An educated work force is an effective work force. The worker on the floor places rebar on the form every day, ties it in place and uses the right spacers, but does the worker truly know why rebar is placed at a specific location? Do workers understand that placing the rebar ½ in. from the specified location could reduce the tensile capacity of the final precast product by as much as 10%? Do workers know how to read the symbols on a stick of rebar?
Sometimes manufacturing plants may depend a little too much on the QC staff. Sure, the QC staff understands the rationale behind steel detailing, but can they be reasonably expected to catch each misplaced rebar on a pre-pour inspection? Perfection is not likely. A production worker armed with the basic knowledge of steel reinforcing behavior in concrete and the rationale behind these requirements can provide additional insurance against misplaced, or worst yet, missing reinforcement.
NPCA will be launching educational opportunities for members to use to teach their own workers about the importance of reinforcement, as well as how to place it, tie it, and inspect it. Mel Marshall with Mel C. Marshall Industrial Consultants Inc. will be presenting a course on reinforcement at The Precast Show in Orlando, Fla., March 1, 2012, called the “Whys, Wheres and Hows of Reinforcement.”

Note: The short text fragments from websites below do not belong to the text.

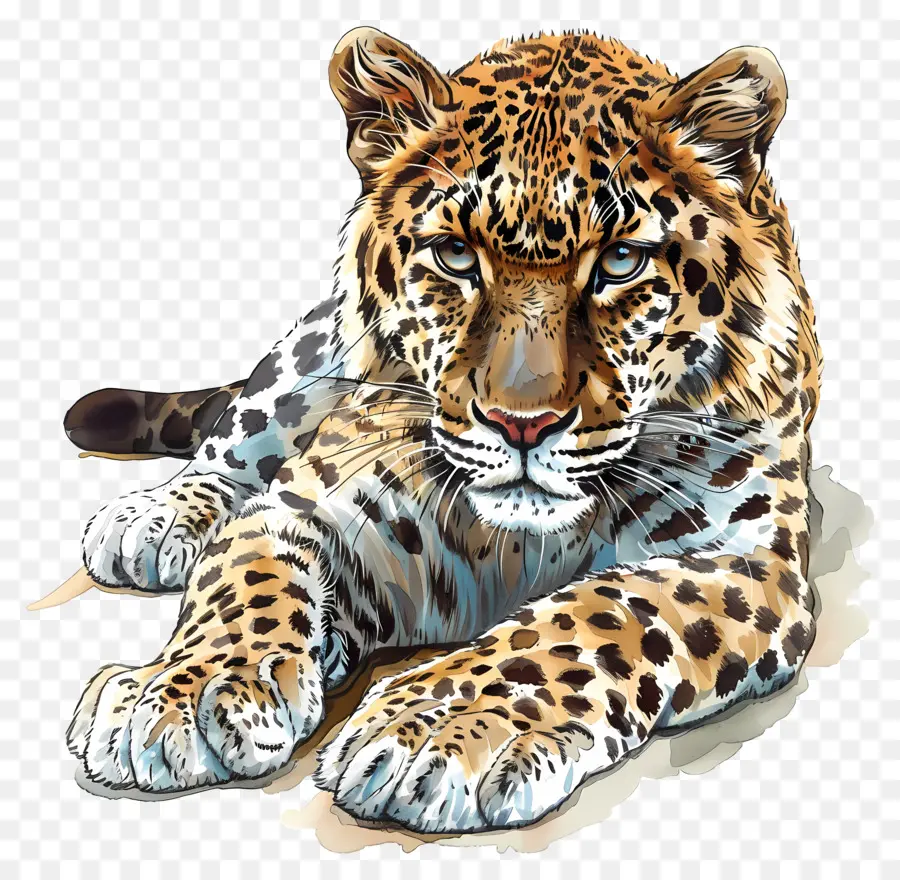 O Leopardo De Amur，Leopard PNG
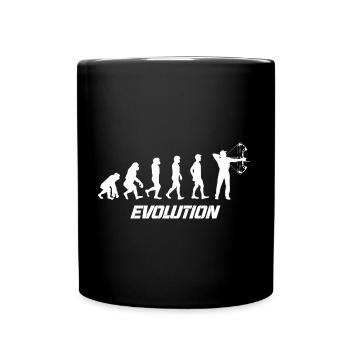 Evolution chasse - Mug uni - noir - Devant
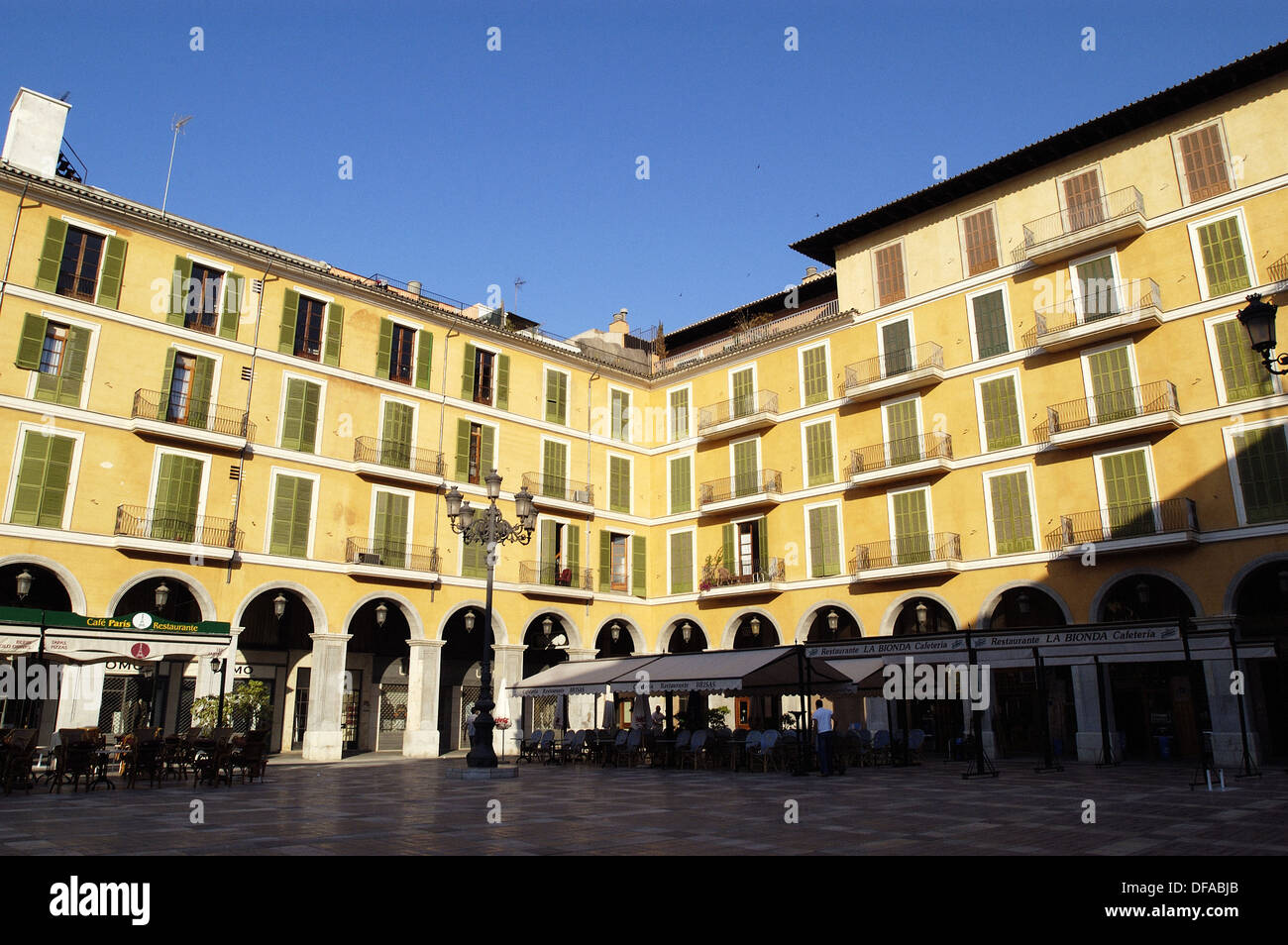 Main Square Palma De Mallorca Majorca Balearic Islands Spain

Reinforcement is critical to precast concrete durability. This cannot be overstated. Improper steel selection and placement can seriously impair a precast concrete structure’s ability to withstand handling and service loads and can even lead to failure in the field. NPCA is committed to doing everything possible to maintain solid quality control in the proper selection and placement of reinforcing steel in all precast concrete products. Quality is something everyone in the precast industry should strive for, and 2012 promises to be a year that will raise the bar on industry-wide awareness of the critical importance of the proper use of reinforcing steel.